• EXERCISE BRIEF
What is needed is every line, exactly as given, from the line containing "Dziecięce krzesło biurowe" through the end of the data below.

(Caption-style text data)
=-=-=-=-=

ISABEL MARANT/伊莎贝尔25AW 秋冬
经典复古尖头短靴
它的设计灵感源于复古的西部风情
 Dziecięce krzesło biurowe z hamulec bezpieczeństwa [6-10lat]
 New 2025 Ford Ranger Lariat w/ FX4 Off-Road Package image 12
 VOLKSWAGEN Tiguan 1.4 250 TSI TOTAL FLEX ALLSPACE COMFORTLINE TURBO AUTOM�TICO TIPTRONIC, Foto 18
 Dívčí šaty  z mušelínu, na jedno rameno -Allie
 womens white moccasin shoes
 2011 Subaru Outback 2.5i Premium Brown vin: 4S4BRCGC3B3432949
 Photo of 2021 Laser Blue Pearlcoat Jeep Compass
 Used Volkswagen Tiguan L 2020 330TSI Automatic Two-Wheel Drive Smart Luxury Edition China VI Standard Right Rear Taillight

=-=-=-=-=

• YOUR SOLUTION
 Dziecięce krzesło biurowe z hamulec bezpieczeństwa [6-10lat]
 New 2025 Ford Ranger Lariat w/ FX4 Off-Road Package image 12
 VOLKSWAGEN Tiguan 1.4 250 TSI TOTAL FLEX ALLSPACE COMFORTLINE TURBO AUTOM�TICO TIPTRONIC, Foto 18
 Dívčí šaty  z mušelínu, na jedno rameno -Allie
 womens white moccasin shoes
 2011 Subaru Outback 2.5i Premium Brown vin: 4S4BRCGC3B3432949
 Photo of 2021 Laser Blue Pearlcoat Jeep Compass
 Used Volkswagen Tiguan L 2020 330TSI Automatic Two-Wheel Drive Smart Luxury Edition China VI Standard Right Rear Taillight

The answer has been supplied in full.